I am tired of paying top dollar for "biggish" TVs when I see true projection units throwing 12 foot images.
I am thinking about removing my entertainment toys from the bar area of the house and replacing them with a pool table to make a great entertainment area, maybe hang a regular sized TV in there, nothing theater.
That leaves me with an outdated Mitsu projection TV, tuner that needs to go, but a pretty darned good set of Infinity speakers, mains, center, and surrounds, and a powered sub.
Our formal living room is so formal that nobody ever goes in there.
The lay out is a large rectangle, probably 35-40 feet long, but about 15 feet is an unseparated dining room.
I would like to place the projector as far toward the rear as possible, but there wil be 15 or so feet of "other room" behind the projector and rear speakers.
From there forward, it's a conventional three sided room, except for the entry to the area, which is a 7 or so foot wide pass through adjacent to the wall the image will be thrown on.
Mechanics wise, there is a false wall where I can recess the components below the screen, with power and access to the DIRECTV inputs.
The image wall has a brick fireplace for about 1/2 of the width, so it looks like a pulldown screen will be needed. I can recess it because the joists run in the correct direction.

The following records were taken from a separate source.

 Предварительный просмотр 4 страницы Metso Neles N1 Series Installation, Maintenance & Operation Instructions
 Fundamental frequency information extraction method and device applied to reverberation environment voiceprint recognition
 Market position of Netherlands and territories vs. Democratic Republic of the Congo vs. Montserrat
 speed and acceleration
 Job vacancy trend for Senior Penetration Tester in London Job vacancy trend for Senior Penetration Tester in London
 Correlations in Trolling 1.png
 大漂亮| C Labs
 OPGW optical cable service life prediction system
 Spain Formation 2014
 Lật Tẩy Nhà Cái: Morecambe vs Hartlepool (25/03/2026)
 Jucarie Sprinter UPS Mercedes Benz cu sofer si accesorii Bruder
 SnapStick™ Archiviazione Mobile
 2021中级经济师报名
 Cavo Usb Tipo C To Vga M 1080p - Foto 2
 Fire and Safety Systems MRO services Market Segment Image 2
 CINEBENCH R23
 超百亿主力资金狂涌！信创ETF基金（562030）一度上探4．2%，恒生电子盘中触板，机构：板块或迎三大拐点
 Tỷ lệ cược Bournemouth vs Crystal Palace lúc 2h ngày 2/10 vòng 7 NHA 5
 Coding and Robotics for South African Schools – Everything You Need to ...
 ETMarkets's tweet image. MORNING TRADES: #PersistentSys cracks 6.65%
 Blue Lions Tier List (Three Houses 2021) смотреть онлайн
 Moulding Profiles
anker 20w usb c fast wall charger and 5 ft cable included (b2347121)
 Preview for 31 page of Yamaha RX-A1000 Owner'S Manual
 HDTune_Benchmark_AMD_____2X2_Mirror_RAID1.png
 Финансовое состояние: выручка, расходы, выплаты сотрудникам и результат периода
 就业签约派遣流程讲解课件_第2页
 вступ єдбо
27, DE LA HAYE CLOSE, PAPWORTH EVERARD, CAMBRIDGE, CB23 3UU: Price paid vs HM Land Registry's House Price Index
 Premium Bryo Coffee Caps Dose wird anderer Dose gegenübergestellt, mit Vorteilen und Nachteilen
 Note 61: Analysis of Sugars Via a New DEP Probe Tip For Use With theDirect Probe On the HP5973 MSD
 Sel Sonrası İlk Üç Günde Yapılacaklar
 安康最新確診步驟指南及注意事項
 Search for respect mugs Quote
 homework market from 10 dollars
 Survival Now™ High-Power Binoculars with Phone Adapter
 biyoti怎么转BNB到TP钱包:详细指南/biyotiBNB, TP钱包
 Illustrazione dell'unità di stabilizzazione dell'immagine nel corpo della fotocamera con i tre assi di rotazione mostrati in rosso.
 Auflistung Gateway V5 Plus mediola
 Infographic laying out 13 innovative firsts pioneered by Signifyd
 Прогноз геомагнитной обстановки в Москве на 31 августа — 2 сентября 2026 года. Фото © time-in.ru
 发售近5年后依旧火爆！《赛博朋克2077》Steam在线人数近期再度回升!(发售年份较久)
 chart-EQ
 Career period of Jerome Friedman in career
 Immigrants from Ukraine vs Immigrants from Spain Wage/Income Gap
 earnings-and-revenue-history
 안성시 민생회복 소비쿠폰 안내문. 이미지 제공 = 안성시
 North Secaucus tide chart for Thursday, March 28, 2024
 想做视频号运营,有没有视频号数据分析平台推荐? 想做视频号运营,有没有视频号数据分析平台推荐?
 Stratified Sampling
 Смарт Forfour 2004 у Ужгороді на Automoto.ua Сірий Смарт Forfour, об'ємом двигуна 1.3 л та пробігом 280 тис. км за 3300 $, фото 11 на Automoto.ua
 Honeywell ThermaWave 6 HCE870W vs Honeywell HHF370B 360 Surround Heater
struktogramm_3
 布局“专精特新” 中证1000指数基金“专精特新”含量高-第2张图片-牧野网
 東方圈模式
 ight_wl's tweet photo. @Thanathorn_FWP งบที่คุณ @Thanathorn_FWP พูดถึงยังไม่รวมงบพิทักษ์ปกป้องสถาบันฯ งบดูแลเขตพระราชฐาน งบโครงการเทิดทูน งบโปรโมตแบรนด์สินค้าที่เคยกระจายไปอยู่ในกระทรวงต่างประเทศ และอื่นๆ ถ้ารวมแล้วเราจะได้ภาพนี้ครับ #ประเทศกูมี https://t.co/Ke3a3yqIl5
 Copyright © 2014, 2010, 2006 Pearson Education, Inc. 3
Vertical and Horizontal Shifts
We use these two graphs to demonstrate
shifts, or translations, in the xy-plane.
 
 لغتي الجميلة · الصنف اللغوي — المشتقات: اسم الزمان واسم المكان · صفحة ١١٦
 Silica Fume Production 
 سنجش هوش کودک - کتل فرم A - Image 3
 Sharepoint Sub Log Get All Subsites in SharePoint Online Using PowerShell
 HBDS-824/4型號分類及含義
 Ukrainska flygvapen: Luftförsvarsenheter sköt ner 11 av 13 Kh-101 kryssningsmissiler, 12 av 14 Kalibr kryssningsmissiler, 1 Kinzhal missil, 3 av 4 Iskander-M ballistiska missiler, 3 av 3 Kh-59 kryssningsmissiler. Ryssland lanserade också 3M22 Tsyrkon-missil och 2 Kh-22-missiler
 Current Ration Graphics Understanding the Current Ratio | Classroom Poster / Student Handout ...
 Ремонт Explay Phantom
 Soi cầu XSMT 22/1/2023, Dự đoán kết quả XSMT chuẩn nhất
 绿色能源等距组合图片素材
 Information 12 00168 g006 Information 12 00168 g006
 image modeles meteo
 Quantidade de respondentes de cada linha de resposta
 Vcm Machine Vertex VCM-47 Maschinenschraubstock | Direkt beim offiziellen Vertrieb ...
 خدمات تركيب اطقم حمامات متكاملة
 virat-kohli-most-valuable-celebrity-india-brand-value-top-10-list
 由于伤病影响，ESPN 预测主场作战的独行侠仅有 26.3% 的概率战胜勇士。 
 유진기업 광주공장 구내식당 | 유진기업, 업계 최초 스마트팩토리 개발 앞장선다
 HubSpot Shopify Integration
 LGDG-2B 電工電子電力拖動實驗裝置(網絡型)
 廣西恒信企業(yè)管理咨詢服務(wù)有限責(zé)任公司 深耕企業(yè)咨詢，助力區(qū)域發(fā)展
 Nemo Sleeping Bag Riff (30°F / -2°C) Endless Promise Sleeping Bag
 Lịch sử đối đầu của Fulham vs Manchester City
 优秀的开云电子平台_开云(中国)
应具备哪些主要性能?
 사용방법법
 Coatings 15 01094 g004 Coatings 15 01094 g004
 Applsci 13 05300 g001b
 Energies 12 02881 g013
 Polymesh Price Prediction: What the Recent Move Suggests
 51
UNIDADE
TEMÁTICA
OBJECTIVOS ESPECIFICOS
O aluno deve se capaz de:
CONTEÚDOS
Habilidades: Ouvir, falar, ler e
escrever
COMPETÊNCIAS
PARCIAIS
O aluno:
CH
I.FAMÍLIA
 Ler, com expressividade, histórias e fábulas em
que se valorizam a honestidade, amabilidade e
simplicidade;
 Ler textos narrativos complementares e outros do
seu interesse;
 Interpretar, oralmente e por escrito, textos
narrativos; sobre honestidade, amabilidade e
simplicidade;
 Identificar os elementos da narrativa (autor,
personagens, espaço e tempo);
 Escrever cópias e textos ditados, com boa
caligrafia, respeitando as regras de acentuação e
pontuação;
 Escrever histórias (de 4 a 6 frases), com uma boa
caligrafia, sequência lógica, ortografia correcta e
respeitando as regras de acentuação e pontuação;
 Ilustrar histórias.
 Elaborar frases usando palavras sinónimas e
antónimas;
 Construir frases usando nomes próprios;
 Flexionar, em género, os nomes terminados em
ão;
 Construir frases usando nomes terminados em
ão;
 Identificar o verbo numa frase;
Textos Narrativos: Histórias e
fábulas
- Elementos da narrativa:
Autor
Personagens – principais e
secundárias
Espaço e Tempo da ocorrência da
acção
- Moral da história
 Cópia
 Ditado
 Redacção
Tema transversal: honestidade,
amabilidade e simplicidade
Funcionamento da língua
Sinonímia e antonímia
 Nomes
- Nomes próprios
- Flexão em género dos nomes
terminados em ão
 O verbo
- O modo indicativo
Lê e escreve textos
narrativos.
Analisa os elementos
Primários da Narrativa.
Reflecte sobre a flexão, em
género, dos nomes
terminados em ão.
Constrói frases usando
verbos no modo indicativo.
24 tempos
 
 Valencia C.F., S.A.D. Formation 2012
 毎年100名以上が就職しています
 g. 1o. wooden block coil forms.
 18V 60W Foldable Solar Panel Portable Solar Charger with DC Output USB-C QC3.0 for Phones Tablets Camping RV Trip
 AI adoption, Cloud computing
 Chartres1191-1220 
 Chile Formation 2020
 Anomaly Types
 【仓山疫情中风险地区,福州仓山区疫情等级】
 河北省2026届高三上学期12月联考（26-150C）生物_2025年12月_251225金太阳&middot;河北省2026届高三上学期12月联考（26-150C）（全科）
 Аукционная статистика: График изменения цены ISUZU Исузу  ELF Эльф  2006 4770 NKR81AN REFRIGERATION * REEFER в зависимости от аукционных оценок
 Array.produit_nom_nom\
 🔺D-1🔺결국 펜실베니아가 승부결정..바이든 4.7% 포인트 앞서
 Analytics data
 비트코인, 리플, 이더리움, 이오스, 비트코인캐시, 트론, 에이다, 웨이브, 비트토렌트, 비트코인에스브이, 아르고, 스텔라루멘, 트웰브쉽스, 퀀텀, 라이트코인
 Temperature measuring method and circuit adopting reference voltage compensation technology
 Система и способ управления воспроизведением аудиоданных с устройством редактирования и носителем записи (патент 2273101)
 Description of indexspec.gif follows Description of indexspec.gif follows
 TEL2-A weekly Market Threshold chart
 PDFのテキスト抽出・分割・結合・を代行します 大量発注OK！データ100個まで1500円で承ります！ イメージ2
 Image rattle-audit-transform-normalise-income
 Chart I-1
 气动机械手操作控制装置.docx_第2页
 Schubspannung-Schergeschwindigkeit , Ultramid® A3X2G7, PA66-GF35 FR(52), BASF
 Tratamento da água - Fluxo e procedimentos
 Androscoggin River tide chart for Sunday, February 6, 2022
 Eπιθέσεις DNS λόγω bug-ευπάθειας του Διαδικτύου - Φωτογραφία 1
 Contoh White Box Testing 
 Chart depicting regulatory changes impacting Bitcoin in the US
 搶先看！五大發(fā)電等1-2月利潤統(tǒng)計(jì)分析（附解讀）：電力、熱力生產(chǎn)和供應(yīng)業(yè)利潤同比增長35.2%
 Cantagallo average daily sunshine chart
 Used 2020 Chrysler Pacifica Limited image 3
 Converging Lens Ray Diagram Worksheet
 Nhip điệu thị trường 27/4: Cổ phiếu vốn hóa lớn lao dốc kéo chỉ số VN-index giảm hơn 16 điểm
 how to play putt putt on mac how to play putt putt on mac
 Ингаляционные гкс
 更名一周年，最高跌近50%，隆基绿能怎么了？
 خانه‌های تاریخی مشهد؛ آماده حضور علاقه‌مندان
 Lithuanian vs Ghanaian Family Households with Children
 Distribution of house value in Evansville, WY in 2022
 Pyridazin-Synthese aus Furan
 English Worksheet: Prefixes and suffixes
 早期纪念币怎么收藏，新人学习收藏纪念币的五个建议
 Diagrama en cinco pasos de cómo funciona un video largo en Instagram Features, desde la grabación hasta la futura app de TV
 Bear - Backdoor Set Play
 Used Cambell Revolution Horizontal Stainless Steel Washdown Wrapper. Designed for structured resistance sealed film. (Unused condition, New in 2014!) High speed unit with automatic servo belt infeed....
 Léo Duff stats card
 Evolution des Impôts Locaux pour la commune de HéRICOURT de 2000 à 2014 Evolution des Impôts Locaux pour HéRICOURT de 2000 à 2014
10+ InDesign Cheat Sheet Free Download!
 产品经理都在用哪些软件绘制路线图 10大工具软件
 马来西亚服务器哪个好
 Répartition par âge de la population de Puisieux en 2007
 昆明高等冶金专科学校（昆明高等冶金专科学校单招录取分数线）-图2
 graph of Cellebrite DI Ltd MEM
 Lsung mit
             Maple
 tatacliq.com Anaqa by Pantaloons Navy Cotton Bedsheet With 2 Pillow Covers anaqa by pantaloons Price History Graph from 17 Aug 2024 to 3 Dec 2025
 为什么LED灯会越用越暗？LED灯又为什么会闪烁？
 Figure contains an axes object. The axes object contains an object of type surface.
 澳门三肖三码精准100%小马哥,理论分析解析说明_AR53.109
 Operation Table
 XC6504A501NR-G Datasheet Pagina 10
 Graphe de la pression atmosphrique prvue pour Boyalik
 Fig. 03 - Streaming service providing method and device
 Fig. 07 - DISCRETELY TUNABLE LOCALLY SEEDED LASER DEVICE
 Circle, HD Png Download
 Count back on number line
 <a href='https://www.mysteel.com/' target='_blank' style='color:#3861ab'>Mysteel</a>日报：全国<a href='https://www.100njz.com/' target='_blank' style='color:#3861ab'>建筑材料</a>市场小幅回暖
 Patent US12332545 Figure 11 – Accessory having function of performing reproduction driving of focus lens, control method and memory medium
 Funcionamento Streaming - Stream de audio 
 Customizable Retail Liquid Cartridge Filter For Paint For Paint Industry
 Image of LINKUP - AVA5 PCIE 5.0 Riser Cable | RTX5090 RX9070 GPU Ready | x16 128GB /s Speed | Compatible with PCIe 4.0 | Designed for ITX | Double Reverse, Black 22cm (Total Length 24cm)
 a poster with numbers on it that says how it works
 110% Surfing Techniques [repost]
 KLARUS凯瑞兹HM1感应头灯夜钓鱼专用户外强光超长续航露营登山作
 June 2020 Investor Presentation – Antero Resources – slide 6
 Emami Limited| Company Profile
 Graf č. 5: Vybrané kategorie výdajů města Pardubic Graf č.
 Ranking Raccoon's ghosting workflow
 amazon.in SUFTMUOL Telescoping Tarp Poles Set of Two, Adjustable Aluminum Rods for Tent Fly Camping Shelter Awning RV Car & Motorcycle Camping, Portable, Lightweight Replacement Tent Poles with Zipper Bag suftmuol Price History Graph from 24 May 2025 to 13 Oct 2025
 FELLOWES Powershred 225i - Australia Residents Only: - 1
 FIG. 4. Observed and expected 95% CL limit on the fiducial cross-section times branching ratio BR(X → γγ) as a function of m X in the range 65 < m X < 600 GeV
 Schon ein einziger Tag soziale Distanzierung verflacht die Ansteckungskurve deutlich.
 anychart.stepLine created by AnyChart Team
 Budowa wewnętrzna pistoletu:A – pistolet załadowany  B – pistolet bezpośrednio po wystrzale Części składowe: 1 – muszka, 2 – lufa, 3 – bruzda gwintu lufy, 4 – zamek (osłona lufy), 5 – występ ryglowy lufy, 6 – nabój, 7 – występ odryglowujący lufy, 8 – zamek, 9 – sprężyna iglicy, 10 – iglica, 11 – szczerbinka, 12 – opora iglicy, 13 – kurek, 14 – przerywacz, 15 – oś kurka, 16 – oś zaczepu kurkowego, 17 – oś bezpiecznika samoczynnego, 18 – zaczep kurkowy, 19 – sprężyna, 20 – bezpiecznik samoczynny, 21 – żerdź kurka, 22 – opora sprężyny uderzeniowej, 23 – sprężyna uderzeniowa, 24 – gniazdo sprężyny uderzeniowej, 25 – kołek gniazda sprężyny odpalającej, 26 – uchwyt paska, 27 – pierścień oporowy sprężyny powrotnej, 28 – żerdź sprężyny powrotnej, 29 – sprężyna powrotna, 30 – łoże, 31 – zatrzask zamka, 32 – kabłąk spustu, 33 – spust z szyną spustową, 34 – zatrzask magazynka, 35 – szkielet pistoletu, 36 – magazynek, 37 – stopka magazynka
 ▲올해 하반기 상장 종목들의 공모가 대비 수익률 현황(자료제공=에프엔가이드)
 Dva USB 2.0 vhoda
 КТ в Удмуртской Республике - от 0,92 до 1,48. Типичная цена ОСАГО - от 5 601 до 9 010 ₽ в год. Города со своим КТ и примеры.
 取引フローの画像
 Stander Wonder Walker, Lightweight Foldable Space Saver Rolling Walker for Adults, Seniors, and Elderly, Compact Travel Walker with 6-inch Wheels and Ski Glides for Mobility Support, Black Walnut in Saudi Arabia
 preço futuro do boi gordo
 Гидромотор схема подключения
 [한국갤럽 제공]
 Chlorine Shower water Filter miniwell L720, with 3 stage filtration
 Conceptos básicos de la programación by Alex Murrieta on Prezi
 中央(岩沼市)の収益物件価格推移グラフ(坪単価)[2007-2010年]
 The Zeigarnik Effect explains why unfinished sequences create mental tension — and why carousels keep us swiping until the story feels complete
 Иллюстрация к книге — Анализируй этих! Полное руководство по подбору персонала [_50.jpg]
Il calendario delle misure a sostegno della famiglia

I'm looking, then, for general comments about the idea of true projection,
The fact that the rear of the room will be several feet behind the rear speakers, and the gap to enter the room vis a vis acoustics,
Equipment advice--I am eyeing the Panasonic AE900, a place has a pretty good package deal with many of the cables and an upconverting DVD
For a receiver, I have always gone with Onkyo, but that's old information in this area.
Any other information would be greatly appreciated.
Lastly, anyone in Soucal that has a setup up and running, I'd love to see it in operation.
Thanks to all, including Smiling Bandit, who hatched the bug that has bitten me.
Lastly, where to get this stuff. I realize the internet makes pricing easy, but I want ot work with people who know what the heck the equipment is capable of.
Thanks, Professor, I've already spent hours in there over my head, that's how I got the Panasonic AE900 in my head.